Two Years In: The Real State of My AI Stack
Two years changes the question. In the first year, the question was "does this work?" The answer was yes, with significant caveats. In the second year, the question became "is this sustainable?" — and the answer to that required being honest about what the system had cost to build and what it was actually delivering.
The Stack Today
Two years of accumulated engineering work has produced a specific stack:
Cortex Forge: the knowledge layer. PostgreSQL with pgvector, running locally. About 800 entries across eight active and archived projects. Semantic and full-text hybrid retrieval. An MCP server that exposes retrieval to AI tools. A CLI for fast human-driven ingestion. This is the most mature piece of the stack and the one that has paid forward most consistently.
ForgeAI: the orchestration layer. LangGraph-based workflows for the plan-implement-review loop. Multi-provider routing with Anthropic, OpenAI, and Ollama as providers. Output verification at each step. Cortex Forge integration at the context retrieval step. Running against a self-hosted Forgejo instance for issue tracking and PR management. This is functional and improving; it is not yet at the reliability level I want for unattended operation.

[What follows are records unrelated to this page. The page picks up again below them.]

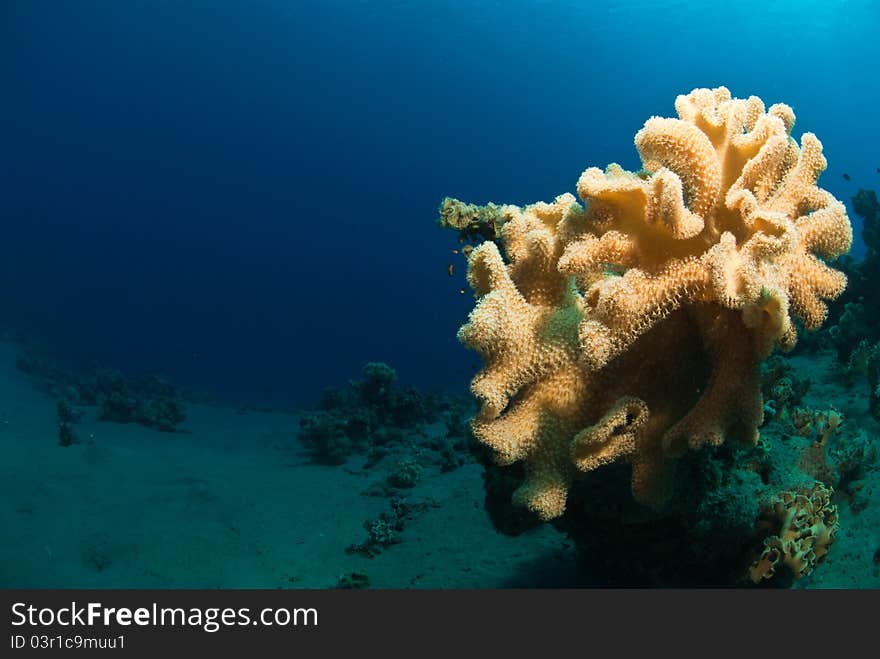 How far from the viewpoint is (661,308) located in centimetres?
248

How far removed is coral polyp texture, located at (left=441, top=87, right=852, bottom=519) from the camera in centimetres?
236

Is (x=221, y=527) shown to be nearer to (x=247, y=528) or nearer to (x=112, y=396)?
(x=247, y=528)

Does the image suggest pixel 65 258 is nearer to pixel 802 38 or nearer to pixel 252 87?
pixel 252 87

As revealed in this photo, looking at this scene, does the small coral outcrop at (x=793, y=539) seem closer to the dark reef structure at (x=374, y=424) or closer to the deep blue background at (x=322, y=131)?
the dark reef structure at (x=374, y=424)

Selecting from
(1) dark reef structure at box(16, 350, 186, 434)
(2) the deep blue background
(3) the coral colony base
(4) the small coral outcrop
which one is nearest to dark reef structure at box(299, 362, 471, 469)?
(1) dark reef structure at box(16, 350, 186, 434)

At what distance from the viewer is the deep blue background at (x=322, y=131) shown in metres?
63.9

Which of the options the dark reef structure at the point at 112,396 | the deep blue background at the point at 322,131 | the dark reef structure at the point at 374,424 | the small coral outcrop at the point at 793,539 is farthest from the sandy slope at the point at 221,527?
the deep blue background at the point at 322,131

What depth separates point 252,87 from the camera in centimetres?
9012

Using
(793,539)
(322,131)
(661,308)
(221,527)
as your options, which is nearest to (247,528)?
(221,527)

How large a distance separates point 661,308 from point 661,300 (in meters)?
0.05

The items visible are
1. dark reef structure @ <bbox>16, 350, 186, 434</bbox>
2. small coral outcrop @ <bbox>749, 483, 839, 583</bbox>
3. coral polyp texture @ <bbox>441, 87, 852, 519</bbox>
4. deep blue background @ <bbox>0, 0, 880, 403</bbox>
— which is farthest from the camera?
deep blue background @ <bbox>0, 0, 880, 403</bbox>

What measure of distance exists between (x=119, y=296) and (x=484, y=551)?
79.2m

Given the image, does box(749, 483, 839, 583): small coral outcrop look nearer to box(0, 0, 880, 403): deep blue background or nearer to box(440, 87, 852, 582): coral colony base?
Answer: box(440, 87, 852, 582): coral colony base

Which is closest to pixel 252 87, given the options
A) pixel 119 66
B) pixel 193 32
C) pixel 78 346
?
pixel 193 32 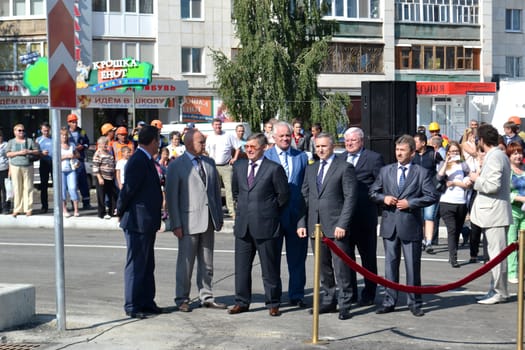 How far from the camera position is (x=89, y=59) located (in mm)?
44312

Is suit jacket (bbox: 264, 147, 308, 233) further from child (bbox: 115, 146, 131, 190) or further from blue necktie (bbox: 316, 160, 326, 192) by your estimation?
child (bbox: 115, 146, 131, 190)

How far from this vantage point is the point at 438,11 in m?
53.9

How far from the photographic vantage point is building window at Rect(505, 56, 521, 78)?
57.6 m

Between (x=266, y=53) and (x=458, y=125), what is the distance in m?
18.1

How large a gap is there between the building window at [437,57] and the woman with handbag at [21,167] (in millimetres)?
36750

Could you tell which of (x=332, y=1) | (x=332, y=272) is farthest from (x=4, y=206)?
(x=332, y=1)

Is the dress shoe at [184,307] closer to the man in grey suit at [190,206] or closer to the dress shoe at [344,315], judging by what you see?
the man in grey suit at [190,206]

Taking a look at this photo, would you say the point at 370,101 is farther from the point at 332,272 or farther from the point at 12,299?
the point at 12,299

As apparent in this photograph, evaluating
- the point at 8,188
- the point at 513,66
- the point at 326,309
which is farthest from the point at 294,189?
the point at 513,66

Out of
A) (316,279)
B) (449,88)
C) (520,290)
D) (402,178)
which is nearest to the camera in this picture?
(520,290)

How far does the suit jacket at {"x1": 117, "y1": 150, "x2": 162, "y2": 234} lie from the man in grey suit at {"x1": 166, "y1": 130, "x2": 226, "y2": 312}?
1.01 ft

Personas library: a collection of system prompts that define specialized roles. Not enforced by an external system — applied as configuration at the orchestration layer level, not as raw chat prompts. The orchestration layer controls what each model call can do; the persona provides the behavioral framing. This addresses the enforcement gap that made raw persona prompts unreliable.
What the Stack Delivers
For well-scoped, well-documented tasks in projects with mature knowledge coverage: the orchestrator produces first-pass implementations that are close to merge-ready. The plan-implement-review loop catches most implementation issues before I see the output. The knowledge retrieval means the implementation uses project conventions correctly without explicit instruction in each prompt.

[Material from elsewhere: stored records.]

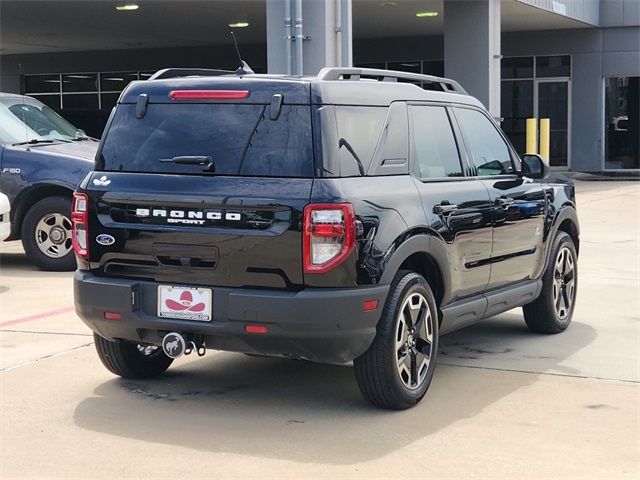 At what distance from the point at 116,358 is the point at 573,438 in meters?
2.77

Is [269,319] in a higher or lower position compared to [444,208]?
lower

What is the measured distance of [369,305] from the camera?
5.33 metres

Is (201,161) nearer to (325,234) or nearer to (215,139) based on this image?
(215,139)

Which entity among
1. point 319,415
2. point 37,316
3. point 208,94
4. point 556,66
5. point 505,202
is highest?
point 556,66

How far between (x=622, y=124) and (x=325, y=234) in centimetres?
2709

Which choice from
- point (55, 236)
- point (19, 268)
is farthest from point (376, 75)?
point (19, 268)

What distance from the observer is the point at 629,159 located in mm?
30562

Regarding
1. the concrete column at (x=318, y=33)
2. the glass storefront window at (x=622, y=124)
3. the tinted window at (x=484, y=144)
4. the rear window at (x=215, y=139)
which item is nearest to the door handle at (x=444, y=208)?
the tinted window at (x=484, y=144)

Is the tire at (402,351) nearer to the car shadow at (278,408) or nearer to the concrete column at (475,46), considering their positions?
the car shadow at (278,408)

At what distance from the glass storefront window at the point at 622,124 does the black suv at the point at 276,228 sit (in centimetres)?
2554

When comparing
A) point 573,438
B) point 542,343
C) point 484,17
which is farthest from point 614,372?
point 484,17

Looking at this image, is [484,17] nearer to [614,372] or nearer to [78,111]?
[78,111]

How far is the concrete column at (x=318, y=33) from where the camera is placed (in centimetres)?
1541

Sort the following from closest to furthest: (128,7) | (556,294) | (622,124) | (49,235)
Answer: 1. (556,294)
2. (49,235)
3. (128,7)
4. (622,124) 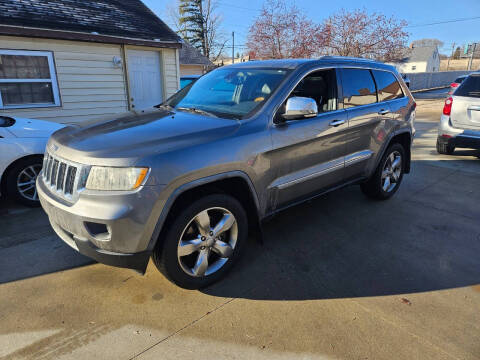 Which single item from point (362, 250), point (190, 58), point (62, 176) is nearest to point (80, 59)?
point (62, 176)

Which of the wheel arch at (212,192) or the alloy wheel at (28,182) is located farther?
the alloy wheel at (28,182)

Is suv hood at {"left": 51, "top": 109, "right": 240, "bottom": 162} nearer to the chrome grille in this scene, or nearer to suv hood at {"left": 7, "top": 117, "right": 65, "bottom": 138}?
the chrome grille

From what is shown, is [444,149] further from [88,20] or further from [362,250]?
[88,20]

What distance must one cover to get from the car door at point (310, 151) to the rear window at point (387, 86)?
1000 millimetres

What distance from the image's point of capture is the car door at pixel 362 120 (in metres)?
3.71

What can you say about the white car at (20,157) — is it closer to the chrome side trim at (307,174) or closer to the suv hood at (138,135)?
the suv hood at (138,135)

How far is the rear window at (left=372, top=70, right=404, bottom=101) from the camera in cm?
424

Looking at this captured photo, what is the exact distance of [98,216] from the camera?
2.12 metres

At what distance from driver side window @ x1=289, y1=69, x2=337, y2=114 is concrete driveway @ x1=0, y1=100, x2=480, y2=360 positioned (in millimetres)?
1403

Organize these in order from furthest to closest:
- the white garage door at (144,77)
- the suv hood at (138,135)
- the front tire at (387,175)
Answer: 1. the white garage door at (144,77)
2. the front tire at (387,175)
3. the suv hood at (138,135)

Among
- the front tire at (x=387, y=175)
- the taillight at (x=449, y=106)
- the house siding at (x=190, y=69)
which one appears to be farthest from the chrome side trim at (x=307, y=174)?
the house siding at (x=190, y=69)

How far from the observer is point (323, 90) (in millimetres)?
3584

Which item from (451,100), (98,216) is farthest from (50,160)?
(451,100)

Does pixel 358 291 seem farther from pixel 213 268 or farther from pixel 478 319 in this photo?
pixel 213 268
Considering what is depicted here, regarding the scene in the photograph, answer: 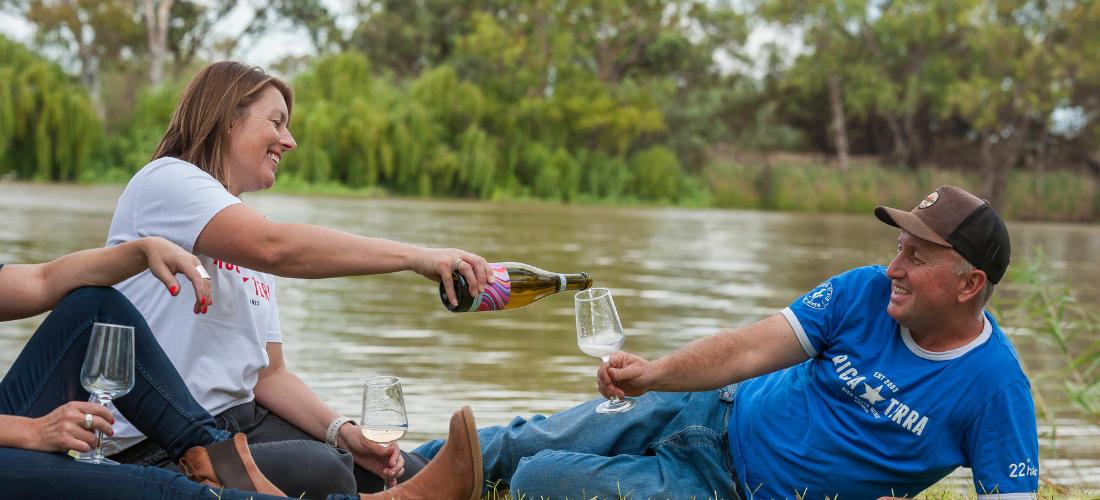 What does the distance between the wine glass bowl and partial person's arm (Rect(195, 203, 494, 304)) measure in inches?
11.4

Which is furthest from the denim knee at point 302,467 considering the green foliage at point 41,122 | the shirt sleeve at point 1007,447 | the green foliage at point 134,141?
the green foliage at point 134,141

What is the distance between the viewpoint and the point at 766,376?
126 inches

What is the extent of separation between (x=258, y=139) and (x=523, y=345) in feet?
13.9

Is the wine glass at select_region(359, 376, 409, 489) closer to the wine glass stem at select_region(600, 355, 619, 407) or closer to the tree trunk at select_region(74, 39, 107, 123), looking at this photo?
the wine glass stem at select_region(600, 355, 619, 407)

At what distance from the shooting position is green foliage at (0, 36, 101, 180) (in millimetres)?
21094

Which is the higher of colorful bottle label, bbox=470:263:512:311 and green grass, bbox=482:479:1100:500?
colorful bottle label, bbox=470:263:512:311

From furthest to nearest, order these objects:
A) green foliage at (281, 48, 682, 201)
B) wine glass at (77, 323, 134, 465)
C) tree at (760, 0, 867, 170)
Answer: tree at (760, 0, 867, 170)
green foliage at (281, 48, 682, 201)
wine glass at (77, 323, 134, 465)

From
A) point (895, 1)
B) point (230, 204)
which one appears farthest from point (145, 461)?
point (895, 1)

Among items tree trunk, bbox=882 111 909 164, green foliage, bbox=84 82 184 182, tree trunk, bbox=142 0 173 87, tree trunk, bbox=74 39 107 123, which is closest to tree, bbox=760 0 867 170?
tree trunk, bbox=882 111 909 164

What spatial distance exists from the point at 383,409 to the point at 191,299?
614 millimetres

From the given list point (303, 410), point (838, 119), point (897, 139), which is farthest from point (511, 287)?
point (897, 139)

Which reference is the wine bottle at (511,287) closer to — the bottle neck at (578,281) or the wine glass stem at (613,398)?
the bottle neck at (578,281)

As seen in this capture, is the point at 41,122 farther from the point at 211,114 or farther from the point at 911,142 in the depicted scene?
the point at 911,142

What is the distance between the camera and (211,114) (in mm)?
2693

For ambiguous tasks, new domains, and projects without knowledge coverage: the stack provides less value. The orchestrator needs good inputs to produce good outputs. Tasks that require significant domain clarification before the implementation can start are better handled with direct model interaction — the overhead of the full orchestration loop isn't worth it for exploratory work.

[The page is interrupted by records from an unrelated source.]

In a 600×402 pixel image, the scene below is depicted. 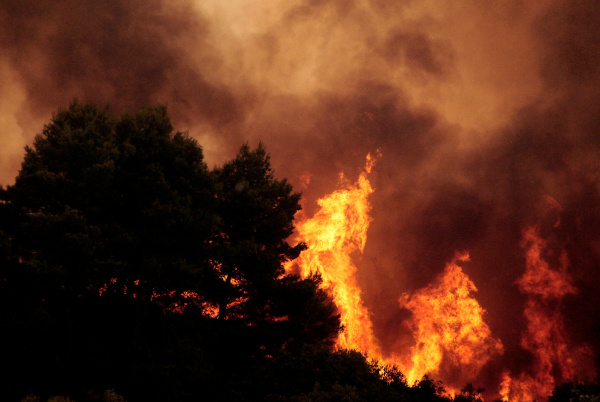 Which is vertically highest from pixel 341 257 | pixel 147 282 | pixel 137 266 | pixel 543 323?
pixel 341 257

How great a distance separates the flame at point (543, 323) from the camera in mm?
43094

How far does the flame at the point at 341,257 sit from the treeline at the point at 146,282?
23.1 meters

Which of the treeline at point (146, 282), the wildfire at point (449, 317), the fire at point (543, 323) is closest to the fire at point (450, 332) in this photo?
the wildfire at point (449, 317)

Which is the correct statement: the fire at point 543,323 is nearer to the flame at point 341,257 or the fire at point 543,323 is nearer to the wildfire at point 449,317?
the wildfire at point 449,317

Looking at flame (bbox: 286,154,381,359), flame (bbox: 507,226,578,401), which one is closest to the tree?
flame (bbox: 286,154,381,359)

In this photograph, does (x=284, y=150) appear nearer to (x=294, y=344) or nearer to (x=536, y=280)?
(x=536, y=280)

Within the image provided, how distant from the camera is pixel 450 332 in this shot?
46281 mm

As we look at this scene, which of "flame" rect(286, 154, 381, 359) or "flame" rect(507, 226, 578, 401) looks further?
"flame" rect(286, 154, 381, 359)

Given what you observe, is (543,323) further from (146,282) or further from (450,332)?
(146,282)

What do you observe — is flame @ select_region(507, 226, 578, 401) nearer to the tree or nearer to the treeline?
the treeline

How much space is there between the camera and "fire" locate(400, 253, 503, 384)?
44469 mm

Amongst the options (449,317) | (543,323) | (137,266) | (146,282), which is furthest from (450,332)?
(137,266)

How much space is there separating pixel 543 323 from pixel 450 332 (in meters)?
13.6

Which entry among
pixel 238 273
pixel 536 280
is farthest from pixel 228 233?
pixel 536 280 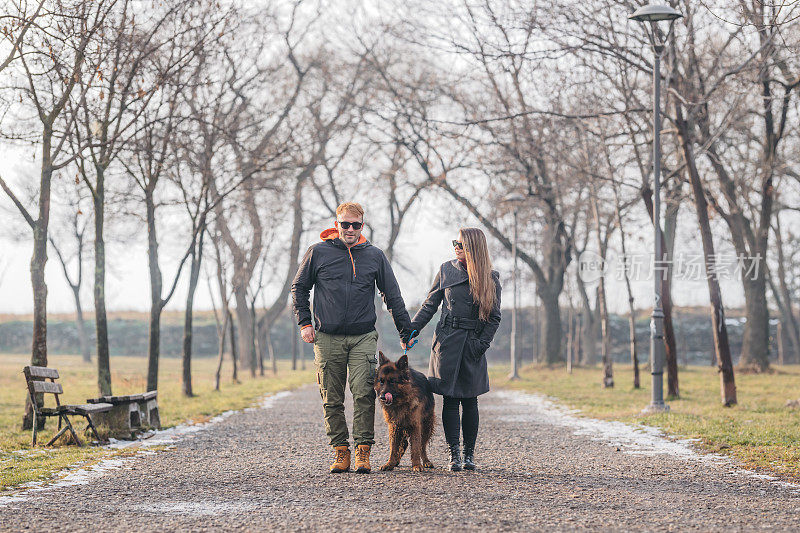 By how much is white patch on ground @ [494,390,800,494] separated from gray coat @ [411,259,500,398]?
2599 millimetres

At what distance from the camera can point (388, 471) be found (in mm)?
7883

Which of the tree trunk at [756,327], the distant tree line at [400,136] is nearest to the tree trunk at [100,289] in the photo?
the distant tree line at [400,136]

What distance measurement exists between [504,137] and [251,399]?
41.3ft

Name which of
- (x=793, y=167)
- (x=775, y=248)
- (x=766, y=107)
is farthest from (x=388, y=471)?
(x=775, y=248)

The tool is better suited to implementation work than to discovery work. That's a real limitation, not a failure mode. Design the system for what it does well; don't blame it for what it doesn't do.
What It Cost
The honest accounting: two years of part-time engineering investment, spread across knowledge system design, pgvector integration, MCP server implementation, orchestration layer development, provider routing, output verification, and ongoing maintenance. Not nights-and-weekends-only — a significant fraction of actual working hours.
That's a real cost. The return needs to exceed it, and the time horizon matters. If you measure the return over two months, the investment doesn't pay back. Measured over two years on repeat patterns across multiple client projects, it has — but "it pays back over two years" is a different value proposition than what the AI tools marketing implies.
The Conclusions That Hold
LLMs are genuinely useful tools that extend what a solo engineer can accomplish. They are not autonomous agents that replace engineering judgment. The most productive framing I've found: they're a very capable autocomplete at the pattern layer and a good first-pass generator at the implementation layer, with the important caveat that the first pass requires review and the patterns have to be appropriate to your domain.
The infrastructure investment — knowledge systems, orchestration layers, provider abstractions — is what makes the tools reliable enough to build on. Without that infrastructure, you're using powerful tools inconsistently, which produces inconsistent results. The infrastructure is where the "AI development" work actually lives, and it's unglamorous, maintenance-heavy, and necessary.
The category of engineer who benefits most from this stack: someone with enough domain expertise to evaluate model output critically, enough infrastructure comfort to build and maintain the surrounding system, and enough patience to invest in tooling that pays back over months rather than days. That's not everyone. It might not even be most engineers. It is, deliberately, where I've put my effort — and as we head into the third year, the stack is capable enough to justify continuing to improve it.
If you've been on a similar journey and landed somewhere different, I'd genuinely like to understand why. As always, I'm here to help.